Petitioners requested that a collection alternative be considered. They submitted a Form 433-A, Collection Information Statement for Wage Earners and Self-Employed Individuals, listing monthly income of $7,814 and monthly expenses of $7,498.

After reviewing petitioners' information, the settlement officer proposed an installment agreement with monthly payments of $1,826. In arriving at this amount, the settlement officer used updated information provided by petitioners to determine their gross monthly income to be $8,642. 2 The settlement officer allowed living expenses that generally approximated or exceeded the amounts that petitioners had listed on their Form 433-A, with one notable exception. In making allowance for housing and utilities expenses, the settlement officer allowed $1,291 on the basis of the maximum standard allowance for a family of two living in Miami-Dade County, Florida, rather than the $2,145 that petitioners had listed. 3

According to the settlement officer's case activity report, in a telephone conversation on April 2, 2007, petitioner husband stated that he was in agreement with a monthly installment payment of $1,826 as proposed by the settlement officer. By letter dated April 3, 2007, the settlement officer sent petitioners a proposed installment agreement reflecting monthly payments of this amount. On April 9, 2007, the settlement officer received a telephone message from petitioner wife stating petitioners could not afford the proposed monthly installment payments and requesting that they be lowered to between $450 and $500. The settlement officer rejected this proposal and countered that the monthly installment payment should be phased in so as to increase to $1,826 after 1 year. 4 Petitioners did not accept this offer.

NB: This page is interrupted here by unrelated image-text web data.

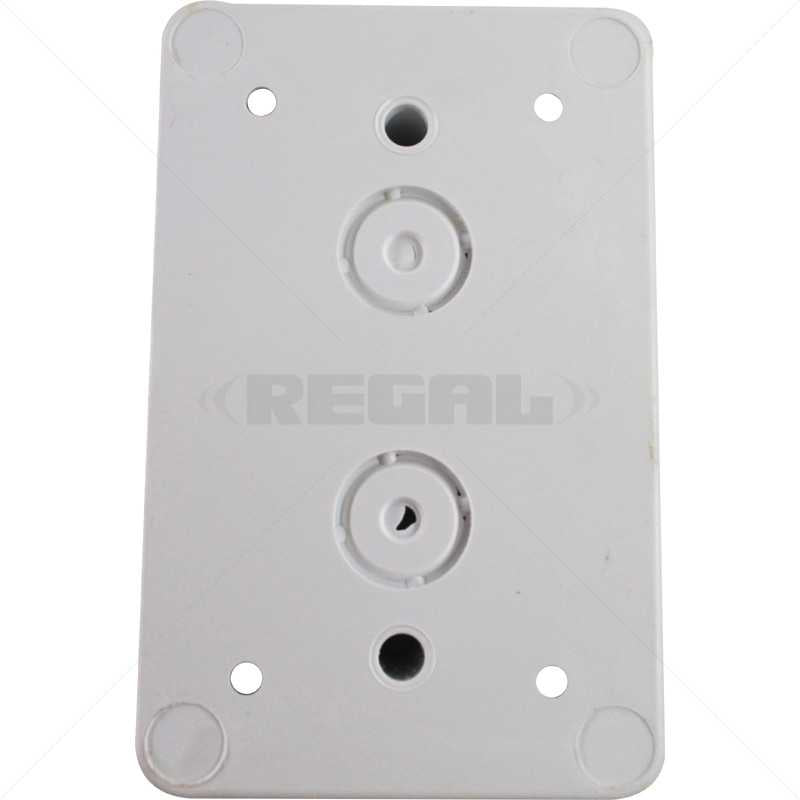 ENCLOSURE PVC - 4 x 2 inch Surface Mount
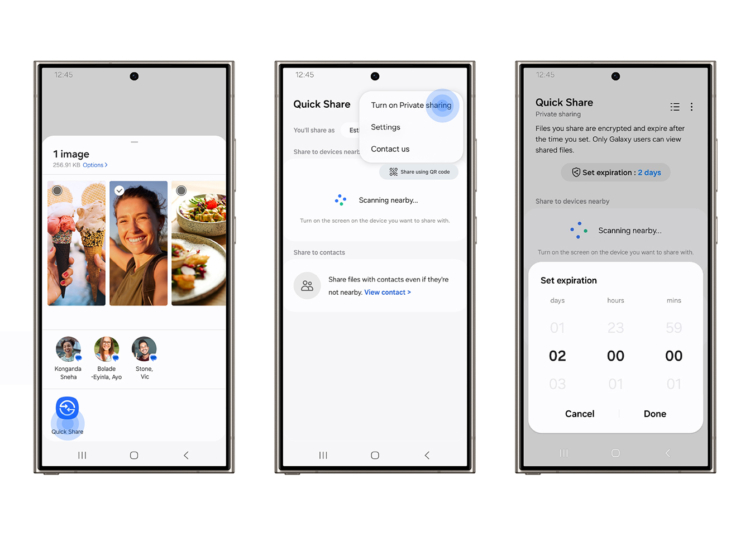 001 ensure the data you share stays private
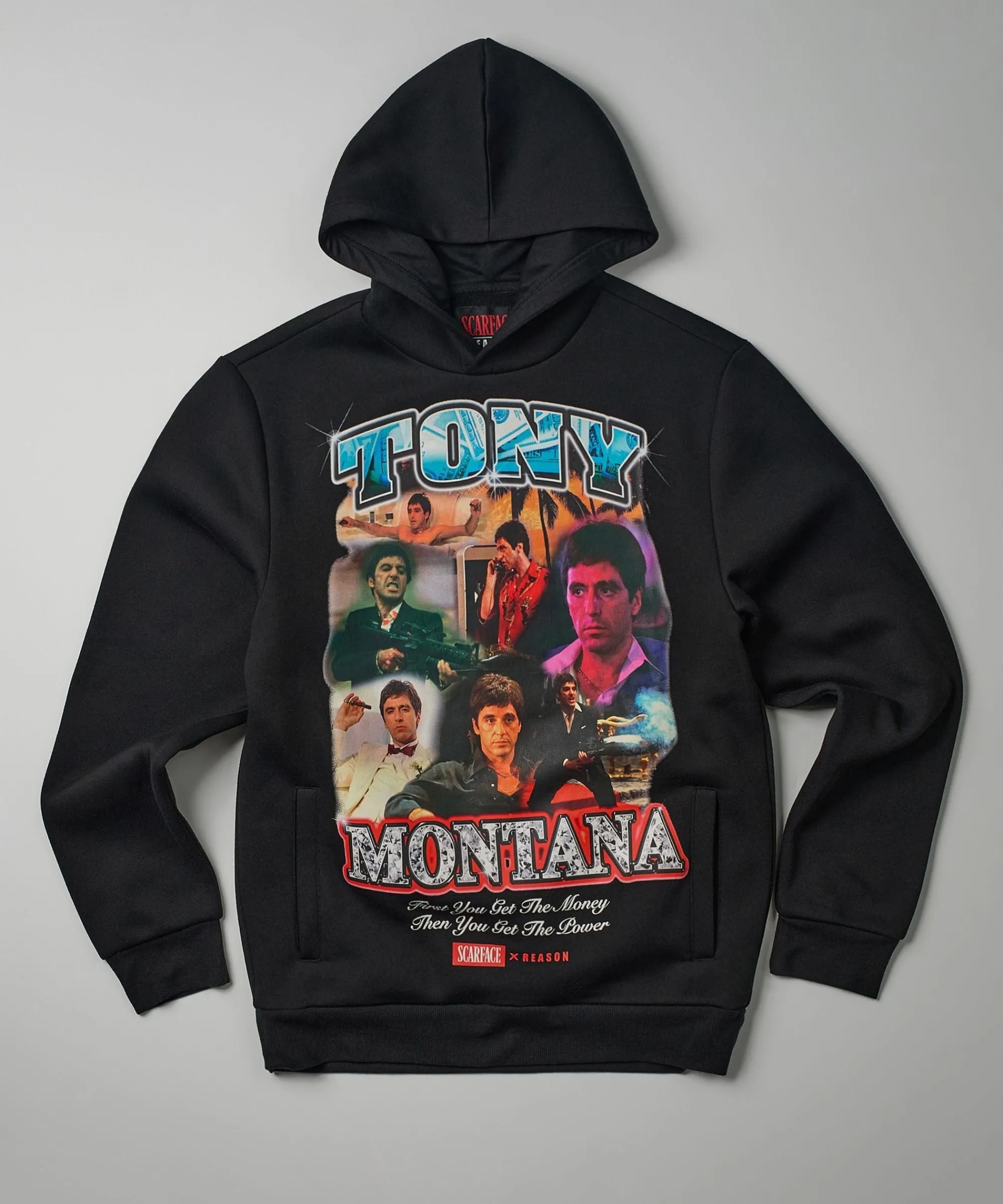 scarface_tony_montana_hoodie__black_1.webp Cheap Scarface Tony Montana Hoodie - Black Hoodies | Hoodies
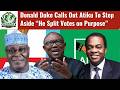 Clash Of Titans: Donald Duke Calls Out Atiku To Step Aside — “He Split Votes on Purpose”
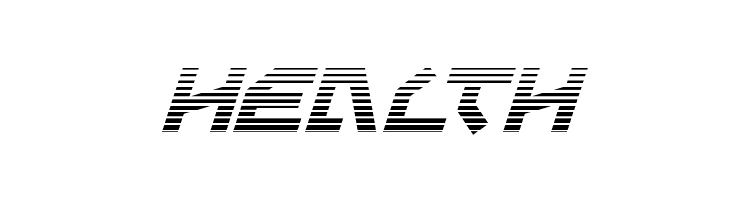 Metal Storm Gradient Italic  Free Fonts Download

By Notice of Determination Concerning Collection Action(s) Under Section 6320 and/or 6330, dated May 22, 2007, respondent's Appeals Office sustained the issuance of the notice of intent to levy.

Pursuant to section 6330, petitioners seek review of respondent's determination. Petitioners' amended petition assigns as error: (1) That the settlement officer "proposed an installment payment agreement for significantly less than the amount proposed"; and (2) that "some" of the living expenses allowed by the settlement officer in calculating the net monthly income available for installment payments do not "correctly or reasonably reflect or represent the actual amounts associated with those expenses." 5

On July 11, 2008, respondent filed a motion for summary judgment. On August 22, 2008, petitioners filed their response.


Summary judgment is intended to expedite litigation and avoid unnecessary and expensive trials. Fla. Peach Corp. v. Commissioner [ Dec. 44,689], 90 T.C. 678, 681 (1988). Summary judgment may be granted where there is no genuine issue of any material fact and a decision may be rendered as a matter of law. Rule 121(a) and (b); see Sundstrand Corp. v. Commissioner [ Dec. 48,191], 98 T.C. 518, 520 (1992), affd. [ 94-1 USTC ¶50,092], 17 F.3d 965 (7th Cir. 1994); Zaentz v. Commissioner [ Dec. 44,714], 90 T.C. 753, 754 (1988). The moving party bears the burden of proving that there is no genuine issue of material fact, and factual inferences will be read in a manner most favorable to the party opposing summary judgment. Dahlstrom v. Commissioner [ Dec. 42,486], 85 T.C. 812, 821 (1985); Jacklin v. Commissioner [ Dec. 39,278], 79 T.C. 340, 344 (1982). When a motion for summary judgment is made and properly supported, the adverse party may not rest upon mere allegations or denials of the pleadings but must set forth specific facts showing that there is a genuine issue for trial. Rule 121(d).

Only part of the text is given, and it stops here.